When the minds of men are kept from a proper sense of the state of sin and guilt, and their consciences from being fected with the terror of the Lord, and the curse which the law denounces against them, Justification is treated by them as a mere notion. Hence arise the differences about it, I mean those which are really such, and not merely the different ways whereby learned men express their thoughts concerning it.

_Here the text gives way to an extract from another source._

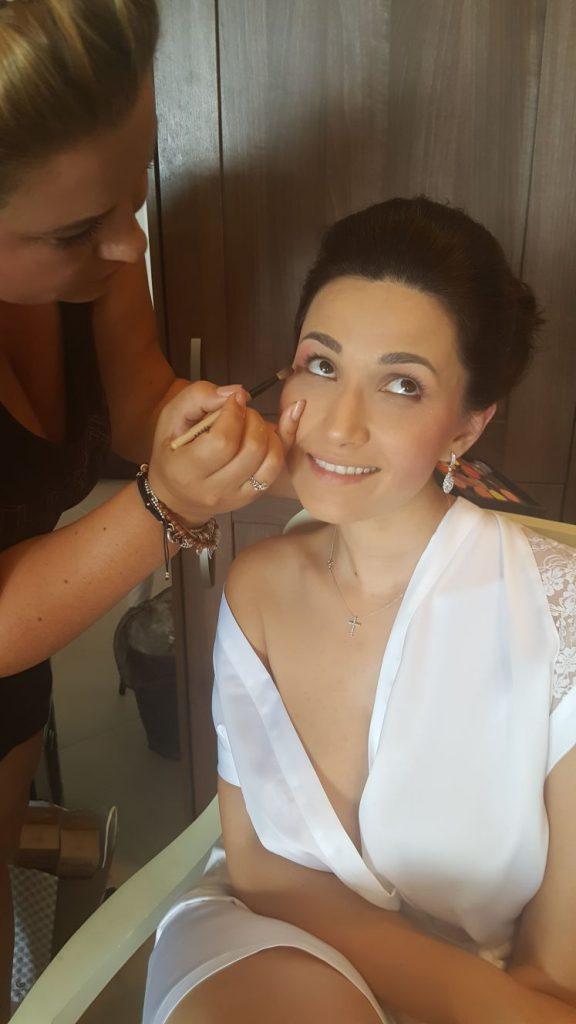 Georgiana Gheară redă perfecțiunea mireselor din showbiz! Gabi Firea și Andreea Berecleanu s-au lăsat pe mâna ei!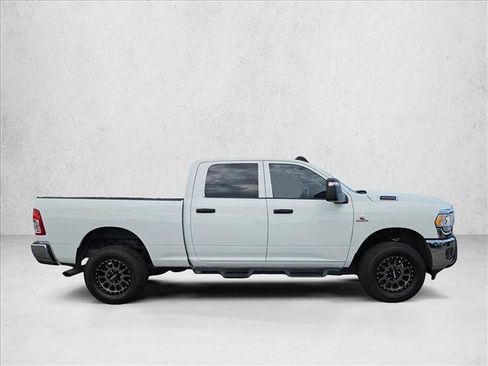 Used 2024 RAM 2500 Tradesman w/ Chrome Appearance Group AWD/4WD image 4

By some the imputation of the actual transgression of Adam the head of our nature, whereby his sin became the sin of the world is utterly denied. Others deny the total corruption of our nature which ensued on our apostacy from God aud that deformity of soul which came upon us in the loss of the image of God; that enmity to God in the mind; that darkness of our understandings; the spiritual death of the whole soul, and total alienation from the life of God; that impotency to good, that inclination to evil, that deceitfulness of sin, that power and efficacy of corrupt lusts, which the Scripture and experience so fully charge on our apostate nature, are rejected as empty notions or fables. No wonder if

such persons look upon imputed righteousness as the shadow of a dream. There is little hope to bring men to value the righteousness of Christ imputed to them, who are so unacquainted with their own unrighteousness inherent in them.

Against such as these the doctrine of Justification may be defended; but it is vain to attempt their satisfaction in it. Whilst men have no sense in their own hearts and consciences of the spiritual disorder of their souls, of the secret continual actings of sin with deceit and violence, obstructing all that is good, promoting all that is evil, defiling all that is done by them; who are not engaged in a constant watchful conflict against the first motions of sin, to whom they are not the greatest burden and sorrow, causing them to cry out for deliverance from them; they will reject what is proposed about justification through the righteousness of Christ imputed to us. Neither the consideration of the Holiness or Terror of the Lord; nor the severity of the law; nor the promise of the gospel; nor the secret disquietude of their consciences can prevail with them, who have such slight conceptions of the state and guilt of sin, to fly for refuge unto the only hope set before them, or really and distinctly to comport with the only way of salvation.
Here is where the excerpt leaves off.